The Winter Olympics are over.

The Summer Olympics are distant.

The Marathon is consistent.

I speak of the Misery Marathon, that heralded sport originated in Ringoes, NJ by the elite athlete Juliana P. Rosenberg, “P” for “Persnickety,” “Peeved” and “Potentially Possessed.”

What’s that, you say? Juliana was adopted?

True.
Would that it were so true that all adopters were amenable to cats who are…well, potentially possessed.

It would be easy to say that Juliana was returned for that classic cause, No Fault Of Her Own (NoFOHO, most common cause of feline FOMO). But spend a few mornings in the Tabby’s Place Community Room, and you may reconsider this no-fault business.

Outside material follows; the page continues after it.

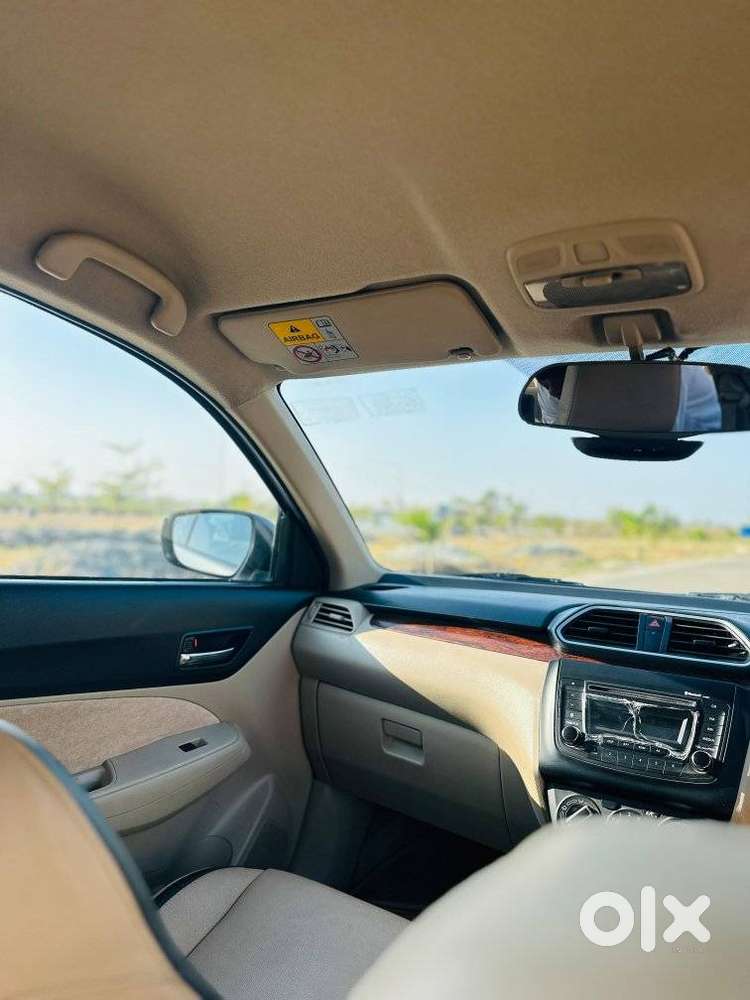 Maruti Suzuki Swift Dzire Vdi Bsiv, 2017, Diesel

Juliana’s adopter told us that Juliana simply would not let her sleep. The yelling, the frenzy, the Misery Marathon…it was all just too much.

“Bollocks,” scoffed we.
“Bollocks on your bollocks,” howled Juliana.

As you may recall, when Jules had her first joust at Tabby’s Place, she made an art of jive talking, by which I mean bellowing, by which I mean through the burning bellows of the world below. Running at top speed, ’round and ’round and ’round the Community Room table, Juliana would howl and holler and moan her mad manic misery every time she spotted another cat.

Of whom there were approximately twelve.
And so, of the making of misery there was no end.

A season away from Tabby’s Place and its insufferable fellow felines has not calmed Juliana’s kookery. If anything, she’s more insulted than ever to room with such wretched creatures as cats. In her time away, we had the gall to introduce heinous beasts like Pixie and Sammy and June, and Juliana is not jumping for joy.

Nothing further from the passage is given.